25 September 2014

Solving tan(x) = x

[UPDATE: 25/09/2014 with the iterative method] This kind of transcendental equation is often encountered in physics. Undergraduate students are usually shown (or asked to draw) the graphical solution:



The numerical solutions are easily found by an iterative method using a scientific calculator (see below), but how far can one go with only pen and paper?

Expansion

Aside from the trivial solution \(x_0 = 0\), one clearly has \( x_k \simeq \frac{(2k +1) \pi}{2}\) (\(k \geq 1 \)), so we can write: \[ x_k = \frac{(2k +1) \pi}{2} - \varepsilon _k, \quad \mathrm{with} \quad \varepsilon _k < 1\] One would like to do an expansion in \( \varepsilon _k\), but of course this will not work for the tangent around its divergence points. We can however use the cotangent, since \( \tan (x_k) = x_k \Rightarrow \cot (x_k) = 1/x_k \). Using standard substitution formulas for the sine and cosine yields: \[\cot \left [ \frac{(2k +1) \pi}{2} - \varepsilon _k \right ] = \tan(\varepsilon _k) \simeq \varepsilon _k \simeq \frac{2}{(2k + 1) \pi}\] where in the last equality we neglected \( \varepsilon _k\) in the denominator. One can include it for a more rigorous treatment. Finally, we have: \[ x_k \simeq \frac{(2k +1) \pi}{2} - \frac{2}{(2k + 1) \pi}, \quad \mathrm{for} \quad k \geq 1 \, ,\] giving for the first three solutions 4.5002, 7.7267, and 10.9046, to be compared with the "exact" values 4.4934…, 7.7253…, and 10.9041…. The quality of the approximation increases with the order \(k\), since \(\varepsilon _k\) decreases (the intersections are closer and closer to the vertical asymptotes).

Iteration

Let us rewrite the initial equation by applying the arctangent to both members:
\[x = \arctan (x) \tag{1}\]
For the \(k\)-th solution, the initial estimate is: \( x^0_k = \frac{(2k +1) \pi}{2} \). Let us plug it in the right-hand side of Eq. (1) to obtain the first order estimate \( x^1_k\) and then iterate. Note that the arctangent is a multi-valued function, and the standard implementation reduces it to the first branch (the one going through the origin).
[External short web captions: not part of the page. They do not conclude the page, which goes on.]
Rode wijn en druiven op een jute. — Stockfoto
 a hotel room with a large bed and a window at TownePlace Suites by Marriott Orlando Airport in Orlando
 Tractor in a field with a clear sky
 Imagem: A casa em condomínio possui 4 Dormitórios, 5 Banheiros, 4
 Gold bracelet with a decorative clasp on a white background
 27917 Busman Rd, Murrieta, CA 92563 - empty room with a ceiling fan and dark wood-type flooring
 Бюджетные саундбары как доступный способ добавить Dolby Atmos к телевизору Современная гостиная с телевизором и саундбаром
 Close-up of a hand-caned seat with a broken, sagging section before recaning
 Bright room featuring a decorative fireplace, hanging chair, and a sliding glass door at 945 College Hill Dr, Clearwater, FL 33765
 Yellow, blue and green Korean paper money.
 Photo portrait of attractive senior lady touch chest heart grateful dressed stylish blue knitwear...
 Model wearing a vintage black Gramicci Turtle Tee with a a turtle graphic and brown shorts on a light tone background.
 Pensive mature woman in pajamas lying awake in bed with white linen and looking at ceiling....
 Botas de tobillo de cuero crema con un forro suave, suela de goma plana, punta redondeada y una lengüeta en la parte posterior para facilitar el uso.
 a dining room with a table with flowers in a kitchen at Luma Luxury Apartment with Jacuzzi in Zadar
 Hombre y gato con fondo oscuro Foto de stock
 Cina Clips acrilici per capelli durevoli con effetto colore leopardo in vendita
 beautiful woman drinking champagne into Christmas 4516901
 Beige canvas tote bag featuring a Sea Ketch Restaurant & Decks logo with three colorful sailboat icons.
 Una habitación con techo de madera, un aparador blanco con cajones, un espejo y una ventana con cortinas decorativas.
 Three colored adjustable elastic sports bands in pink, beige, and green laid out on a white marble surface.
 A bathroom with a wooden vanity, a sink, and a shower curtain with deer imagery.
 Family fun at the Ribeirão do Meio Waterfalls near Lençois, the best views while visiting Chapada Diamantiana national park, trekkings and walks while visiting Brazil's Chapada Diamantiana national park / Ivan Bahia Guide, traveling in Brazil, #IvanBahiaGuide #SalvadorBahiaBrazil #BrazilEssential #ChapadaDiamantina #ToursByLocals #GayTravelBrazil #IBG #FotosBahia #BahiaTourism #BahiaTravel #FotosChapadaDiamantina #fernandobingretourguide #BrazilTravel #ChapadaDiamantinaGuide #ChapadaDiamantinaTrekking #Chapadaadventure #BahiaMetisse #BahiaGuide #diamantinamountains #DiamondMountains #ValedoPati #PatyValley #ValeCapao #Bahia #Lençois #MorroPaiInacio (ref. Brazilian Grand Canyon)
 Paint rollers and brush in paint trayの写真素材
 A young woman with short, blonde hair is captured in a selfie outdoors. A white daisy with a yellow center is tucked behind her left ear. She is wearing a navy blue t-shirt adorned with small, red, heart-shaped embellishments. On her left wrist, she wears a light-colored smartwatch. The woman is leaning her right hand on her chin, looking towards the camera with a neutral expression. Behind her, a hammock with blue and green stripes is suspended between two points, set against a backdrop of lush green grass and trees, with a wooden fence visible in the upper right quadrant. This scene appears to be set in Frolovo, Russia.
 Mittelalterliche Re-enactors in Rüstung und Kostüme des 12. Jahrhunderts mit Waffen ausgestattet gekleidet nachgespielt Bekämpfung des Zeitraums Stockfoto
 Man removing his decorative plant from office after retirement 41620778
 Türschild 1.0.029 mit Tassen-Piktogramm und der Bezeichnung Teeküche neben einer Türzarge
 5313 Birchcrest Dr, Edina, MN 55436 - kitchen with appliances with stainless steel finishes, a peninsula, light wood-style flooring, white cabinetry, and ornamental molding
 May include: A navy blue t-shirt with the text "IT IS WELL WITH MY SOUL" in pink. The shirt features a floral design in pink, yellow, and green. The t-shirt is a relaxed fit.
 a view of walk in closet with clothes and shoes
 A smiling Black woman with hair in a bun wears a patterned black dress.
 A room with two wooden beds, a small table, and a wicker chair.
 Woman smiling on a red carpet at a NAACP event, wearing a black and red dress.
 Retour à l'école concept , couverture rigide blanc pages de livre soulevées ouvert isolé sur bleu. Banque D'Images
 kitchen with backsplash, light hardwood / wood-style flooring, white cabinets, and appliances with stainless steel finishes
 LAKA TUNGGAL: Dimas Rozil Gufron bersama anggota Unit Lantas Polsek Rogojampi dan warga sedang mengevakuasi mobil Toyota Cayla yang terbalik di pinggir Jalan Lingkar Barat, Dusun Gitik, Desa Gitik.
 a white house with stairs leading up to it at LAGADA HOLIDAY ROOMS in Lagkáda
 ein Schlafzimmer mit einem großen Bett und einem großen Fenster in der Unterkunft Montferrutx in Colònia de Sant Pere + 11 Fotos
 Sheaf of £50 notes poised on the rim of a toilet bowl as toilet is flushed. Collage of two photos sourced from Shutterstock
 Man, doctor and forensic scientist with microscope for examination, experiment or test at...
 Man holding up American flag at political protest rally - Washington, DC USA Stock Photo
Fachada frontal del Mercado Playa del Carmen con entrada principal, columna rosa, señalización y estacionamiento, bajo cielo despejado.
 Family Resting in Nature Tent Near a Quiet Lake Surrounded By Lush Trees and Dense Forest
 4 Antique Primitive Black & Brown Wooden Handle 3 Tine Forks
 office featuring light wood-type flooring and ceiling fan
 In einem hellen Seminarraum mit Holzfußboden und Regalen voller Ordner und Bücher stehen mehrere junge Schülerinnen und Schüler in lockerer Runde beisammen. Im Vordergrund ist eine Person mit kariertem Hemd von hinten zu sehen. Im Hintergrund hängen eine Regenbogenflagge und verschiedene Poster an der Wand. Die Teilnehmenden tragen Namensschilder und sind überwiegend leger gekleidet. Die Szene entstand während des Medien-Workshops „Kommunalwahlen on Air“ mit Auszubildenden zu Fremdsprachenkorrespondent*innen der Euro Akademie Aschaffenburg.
We are looking for the solution sitting on the \(k\)-th branch, so we need to add \(k \pi\) each time:
\[x^{i+1}_k = \arctan (x^i_k)  + k \pi \tag{2}\]
 For the first non-trivial solution (\(k = 1\)), the sequence is: 4.71239, 4.50328, 4.49387, 4.49343, 4.49341,... with the second iteration already reaching an excellent precision!

2 comments:

  1. Thanks, man.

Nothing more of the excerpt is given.